Anak Laki-laki yang Menangis Bukan ‘Cemen’, Jangan Dilarang!
Di
dalam budaya kita, anak laki-laki lebih mungkin untuk diminta berhenti
saat menangis. Begitu tangisan itu dimulai, selalu ada celetukan, “Udah, ah, anak laki-laki, kok, menangis.” Atau “Jangan nangis, ah. Nggak malu? Kamu itu laki-laki, lho.” Seolah menangis adalah hal yang tidak wajar untuk dilakukan anak laki-laki.
Bahkan, anak laki-laki yang menangis sering juga mendapat olok-olok ‘anak mami”. Mereka dianggap cemen atau lemah dan ‘bukan laki-laki’. Menurut Fiona Forman, MSc., fasilitator psikologi positif terapan dan penulis Welcome to Well-Being – Book A: Meet Mo & Ko (Junior Infants), stereotip
yang seperti ini pada anak laki-laki di dalam budaya kita dapat
menghambat perkembangan emosional mereka.

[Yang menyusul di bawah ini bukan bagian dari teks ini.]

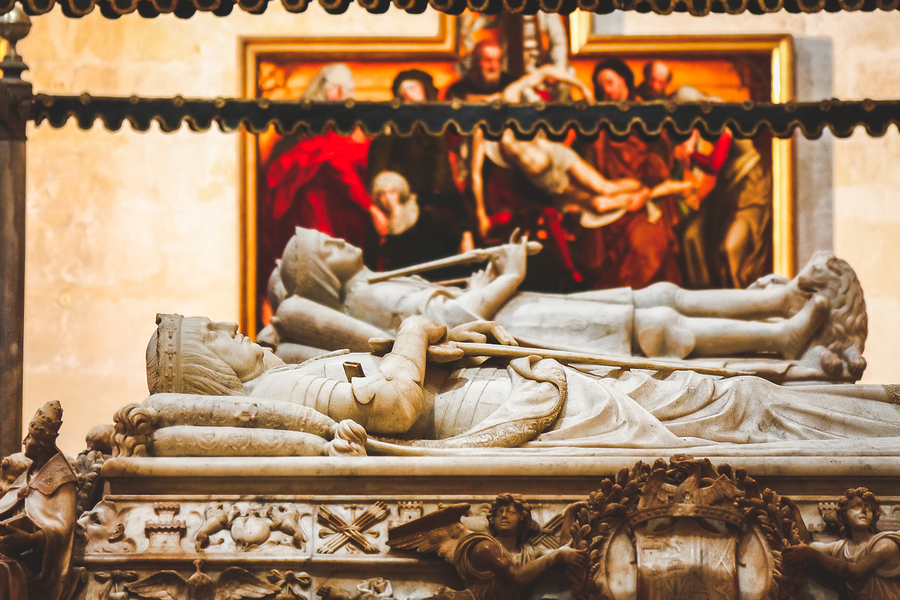 Tumba reyes católicos en la Capilla Real de Granada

Menurutnya, hal ini bisa
merusak harga diri mereka dan meremehkan citra diri mereka.
Anak Laki-laki Menangis itu Normal
Menangis itu sepenuhnya normal pada manusia, baik laki-laki maupun
perempuan. Menangis adalah sebuah mekanisme pelepasan alamiah yang
membantu kita untuk menenangkan diri. Menangis membuat kita melepaskan
oksitosin, endorfin, dan hormon penghilang stres. Hormon-hormon ini
mampu meningkatkan suasana hati dan menghilangkan rasa sakit. Di samping
itu, menangis juga dapat mendorong keterikatan serta media untuk
mempromosikan dukungan dari teman dan keluarga.

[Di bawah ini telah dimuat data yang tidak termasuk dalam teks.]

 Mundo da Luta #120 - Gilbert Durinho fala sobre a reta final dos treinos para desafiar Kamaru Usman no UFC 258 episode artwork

Dampak Stereotip “Anak Laki-laki Nggak Boleh Nangis!”
Menurut Forman, menekan emosi anak laki-laki kita dan melarang mereka untuk menangis punya dampak panjang, yakni:
- Menganggu Perkembangan Emosionalnya
- Tidak Terbuka Mengenai Emosinya
- Kesehatan Mental Terganggu
- Tidak Memiliki Hubungan yang Sehat
- Meningkatkan Risiko Bunuh Diri
Yang Harus Dikembangkan dari Anak Laki-Laki
Ada dua hal penting menurut Forman yang harus dilakukan oleh orang tua, yakni, pertama adalah mengajarkan mereka untuk menerima bahwa semua emosi, termasuk yang negatif seperti kesedihan, kekecewaan, frustrasi, kekhawatiran dan kemarahan adalah benar-benar normal dan tidak perlu dihindari, ditekan atau ditakuti. Setelahnya, yang kedua, orang tua perlu mengajari mereka bagaimana mengekspresikan semua emosi mereka secara konstruktif, bukan destruktif.